The Daily Digest, 3/24/11

Some litigants have successfully used their brain dysfunction to obtain tolling of a missed filing deadline. While equitable tolling most often arises in habeas proceedings, the same principle, that under extraordinary circumstances a filing deadline may be tolled, applies in other legal contexts.

The Plaintiff in the case today claimed his constitutional right to due process was violated when the social security administration refused to reopen a case that he had failed to appeal fourteen years earlier. He claimed that his “organic brain” dysfunction left him so impaired that he was unable to seek review when he was denied benefits. Federal courts have subject matter jurisdiction to review such denials only when a colorable claim of a constitutional violation is present. The court found one here.

Subject-Matter Jurisdiction, Organic Brain Dysfunction, Due Process and Tolling
White v. Astrue, 2011 WL 900289 (N.D.Cal. 2011)
This case arises from Defendant’s motion to dismiss under 12(b)(1) for lack of subject matter jurisdiction, which the court denies.
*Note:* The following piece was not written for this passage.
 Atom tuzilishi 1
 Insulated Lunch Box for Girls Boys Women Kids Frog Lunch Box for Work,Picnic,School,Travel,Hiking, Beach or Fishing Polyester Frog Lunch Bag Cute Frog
Because Plaintiff introduced expert evidence that he suffered from “organic brain” dysfunction, he raised a colorable constitutional claim conferring subject matter jurisdiction to the court. The Plaintiff sought to overturn the Social Security Administration’s (“SSA”) decision not to reopen the denial of a 1990 application for benefits. On his first appeal, the Court remanded the case to the SSA, finding that Plaintiff’s due process rights had been violated. On remand, the SSA again declined to reopen its original determination. Plaintiff now challenges that second determination. In June of 1990, Plaintiff filed an application for supplemental security income. He claimed that he was entitled to disability benefits because he suffered from “neck and back problems.” The SSA denied his application for benefits and rejected his request for reconsideration. Plaintiff did not pursue that application for benefits in further proceedings. In 2004, the ALJ held that Plaintiff had been disabled since October of 1997, due to a variety of severe physical and psychological impairments. Thereafter, Plaintiff sought to renew the earlier application he had filed back in 1990. He claimed that he failed to appeal the SSA’s unfavorable ruling on that application because he suffered from “a mental impairment so severe that he was incapable of appealing his prior denials of benefits.” The Supreme Court has held that federal court review of SSA decisions do not “authorize judicial review of alleged abuses of agency discretion in refusing to reopen claims for social security benefits,” except for claims that rest on constitutional grounds. Plaintiff’s Complaint provides some facts showing a colorable constitutional violation. Specifically, Plaintiff furnishes the ALJ’s decision, which recounts expert testimony that Plaintiff suffered from an “organic brain syndrome” that effected him during the time his claim was first denied in 1991. The expert further testified “if the claimant were acting alone he would have an impaired ability to request review of his adverse disability determination.” The Court found this testimony sufficient to raise a colorable claim of a constitutional violation.